La prima linea frise l’autarcie, l’autisme, le solipsisme et dans la fermeture de cette déchirure assume et incarne l’impasse congénitale du terrorisme italien. On ne fait pas le bonheur d’autrui contre sa vie, on ne se libère pas de l’oppression par la suppression, on ne construit rien sur une rage de classe, sur un aveuglement rassurant de faux résistants. La tristesse de l’œuvre, davantage que d’émaner de l’échec logique d’une quelconque « stratégie de la terreur », provient d’une impossibilité actée au rassemblement, à la concorde, à l’élan, à la solidarité dans une redéfinition de la vie en société, une vie plus respectueuse, moins déséquilibrée, délestée des arrangements, des hypocrisies, des immobilismes en ciment d’un monde qui, finalement, se maintient avec le consentement apeuré de la majorité, hier et aujourd’hui, dans la péninsule et ailleurs. Symptôme et virus, le terrorisme représente un repoussoir, un rêve terrible, de nos jours voilé, l’allié objectif des conservatismes mondiaux s’en servant pour consolider leur monopole drapé dans la démocratie, le droit, la normalité, ce « vilain » mot que Susanna promet de bannir une fois au pouvoir, dit-elle en embrassant Sergio. Méfions-nous de ceux qui veulent nettoyer la langue, de tous les illettrés ou descendants de cultivés titillés par les autodafés, mais gardons-nous également des guignols avec leur morale « à deux balles », pas de revolver, des « humanistes », des « cinéphiles », espèces assurément dispensables, se plaisant au statu quo. La prima linea, avec ses limites, avec sa réussite, poursuit la belle tradition d’un cinéma qui sut comme nul autre se regarder en face, questionner ses citoyens, ses pantins, ses « monstres » nouveaux ou non, associer le politique et l’esthétique sans se vautrer dans la propagande, la bien-pensance, la leçon assénée au spectateur.

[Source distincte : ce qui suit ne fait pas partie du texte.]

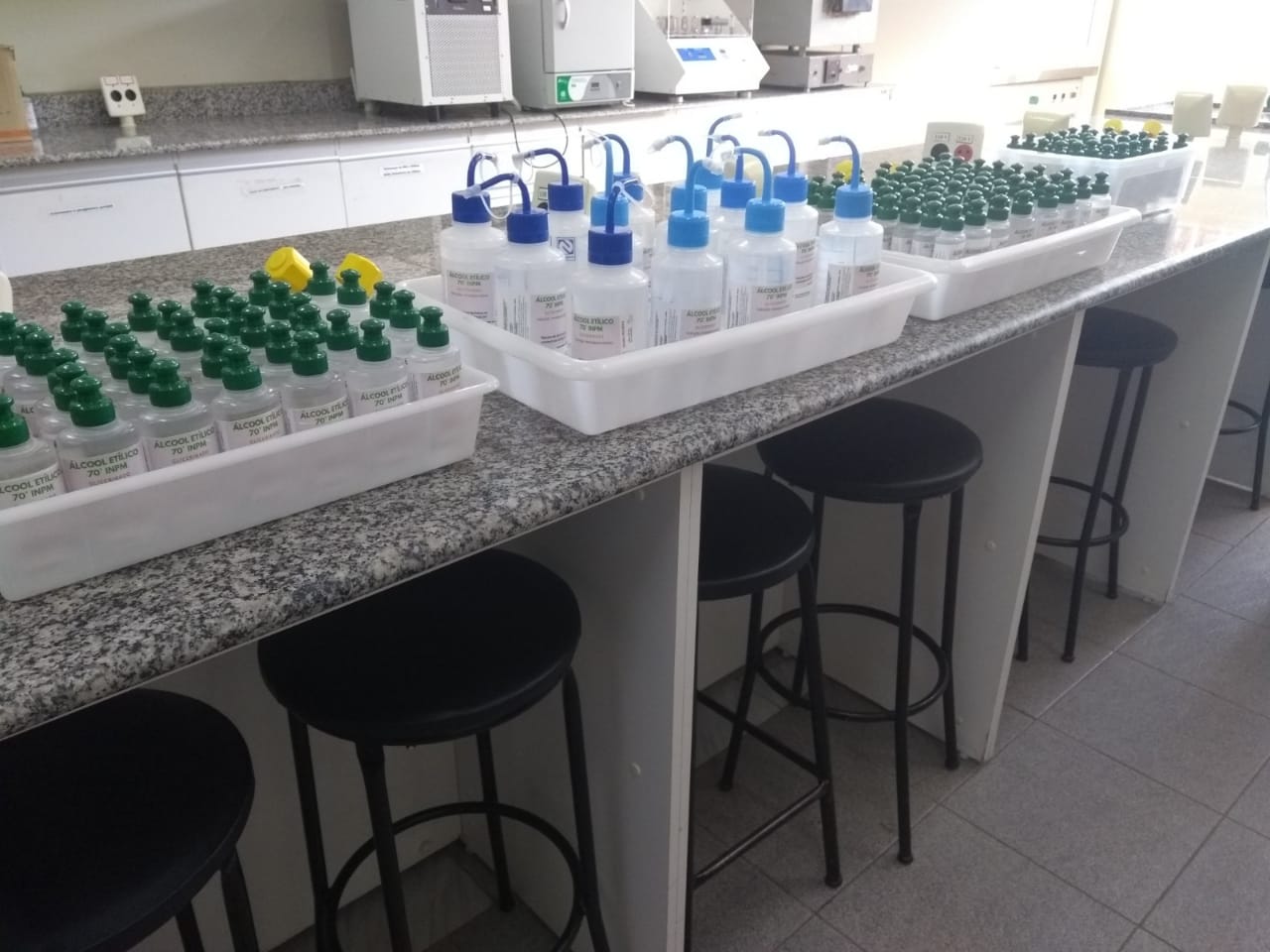 Frascos de álcool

Il ne suffit pas de boire une bouteille d’eau au goulot, de faire couler le jet d’une douche sur sa tête à bouclettes pour se purifier de ses méfaits, tant mieux ou tant pis. Entre « perdre son humanité » à vouloir améliorer les choses et assumer « une responsabilité judiciaire, politique et morale », le film funèbre de Renato De Maria, acceptable mea culpa, explicite avec justesse une tragédie en Europe et laisse à chacun le soin d’inventer des moyens plus généreux et fertiles du renversement de l’ordre ignoble du réel, cette anecdote tout sauf rose qui nous indispose au-delà des « salles obscures », d’où leur existence consolatrice, régressive, mercantile, cynique. Que le cinéma, art mécaniquement et naturellement politique, intériorité projetée sur les écrans de la Cité, s’autorise cela plus souvent, qu’il ne craigne pas de faire preuve de mémoire, de lucidité, d’avertissement adressé au présent. À Berlin ou Paris, à Madrid ou Londres, des gens cosmopolites, œcuméniques, perdent la vie pour rien, sans raison, salement, et en Orient des bombardements flagrants néantisent des enfants. Ne nous prenons pas pour un avatar de Mister Robot mais rappelons que le numérique change un chouïa la donne révolutionnaire, que notre destin nous appartient, que le cinéma, voire l’écriture sur le cinéma, procède par définition d’une « vision du monde », d’un regard qui ne saurait se contenter de la réalité, de son état actuel, de ses imageries, de ses discours. La prima linea, sous ses allures réflexives, définitives, d’enterrement, donne envie de se battre, d’aimer, d’être et de rester vivant – ou alors de se taire, de tout plaquer, parti à jamais.